There is a very interesting book in the downloads section about underground homes and how to build them, or there used to be. If not I might be able to send you the version I downloaded when it was up.


----------



## boucaneer (Oct 18, 2010)

That would be great, if you could send me a downloaded copy that would be realy great.

I will look for it but if i cannot find it, perhaps you could send it if not too much of a problem.

Thanks, I appreciate it.


----------



## ProfessorX (Oct 31, 2010)

I found this article. DIY tunnelling Was thinking about doing this in SF in Golden Gate park after routinely getting kicked out of my camping spots about every month or so. It would be hard to remove though the dirt though without getting caught. 

I would start by digging into the side of a hill, that way you don't have to worry about water proofing the top. Also you could use some kind of natural camoflage to disguise the entrance. Plant a bush or shrub or something.


----------



## LarZ (Nov 2, 2010)

The file is still online for download here: http://squattheplanet.com/downloads.php?do=file&id=7. 

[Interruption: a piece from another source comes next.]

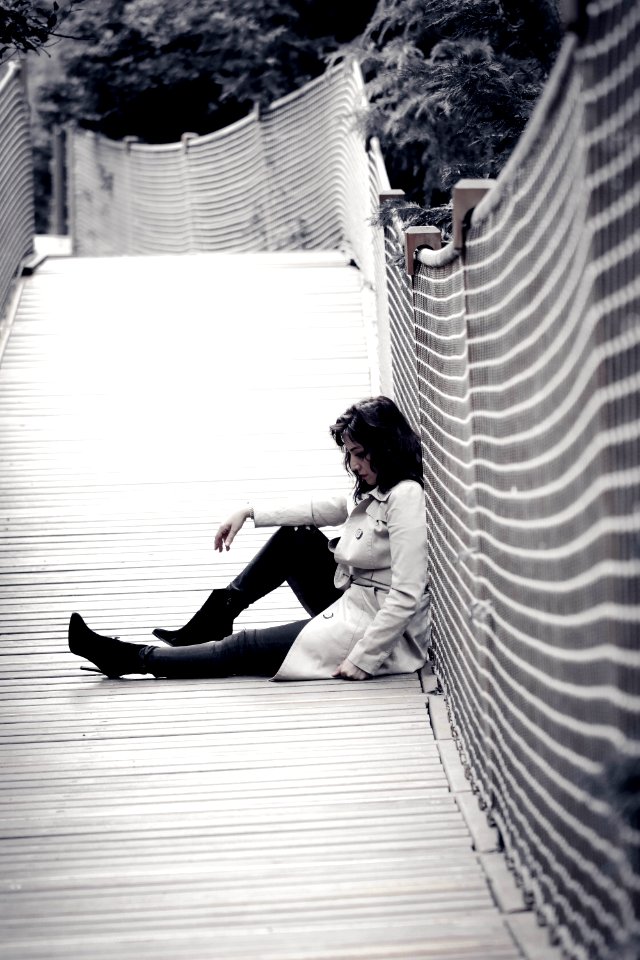 Low Light Photo Of Woman Wearing Trench Coat Sitting Against Wall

It's pretty awesome, I read it a while back.


----------



## outskirts (Mar 17, 2011)

DIY bomb shelter plans might be worth taking a look at? You could probably improvise something from them.
http://www.nukepills.com/docs/nuclear_war_survival_skills.pdf


----------



## outskirts (Mar 19, 2011)

I was out in the woods today with friends looking at old cellar holes. They were real old, from 19th century houses.
We were all thinking of ways you could improvise roofs for them as camping spots.


----------



## Diagaro (May 9, 2011)

I was thinking about doing this too. Maybe like one at each of the 4 corners of the country and if that goes well do some more.
You could get by with one of those little collapsible military shovels and yea just dig into a hillside and fortify the "roof" with almost anything as long as it would stand the test of time dryrot/wetrot and such. Though I would go for more of a door, maybe rough cut timber lashed together with something natural so it don't look out of place and camouflage the fuck out of it - I'm already pretty good at squatting invisibly its just a matter of applying that to something more or less permanent.


----------



## color9 (Jun 29, 2011)

Building a dwelling place in the ground is actually pretty economical. Research hobbit houses. Tolkien was on to something. Houses that are built underground save in heating and cooling. They also conform with the landscape.


----------



## amy Boddy (Jul 5, 2011)

Berm houses are hard as fuck to build. You have to have a support structure in the hole in order to prevent a collapse form occuring.


----------



## dolittle (Oct 13, 2011)

Hunkerdown holes are simple. I've built a few for extended hunting camps. 
Dig a hole aprx 4x6, 3 ft deep. Scrounge up several 2x4s or fence post to form an A shaped frame over hole. Cover this with plywood then tarp then dirt. Use what U can find for a door. I generally make my entrance small as possible. Then build the roof out over it & hang up a tarp or old blanket. 
This is usually warmish in winter. I have used an old kerosene lamp for heat. If U make both ends "openable" its cool enough in summer. Just build it in shade.


----------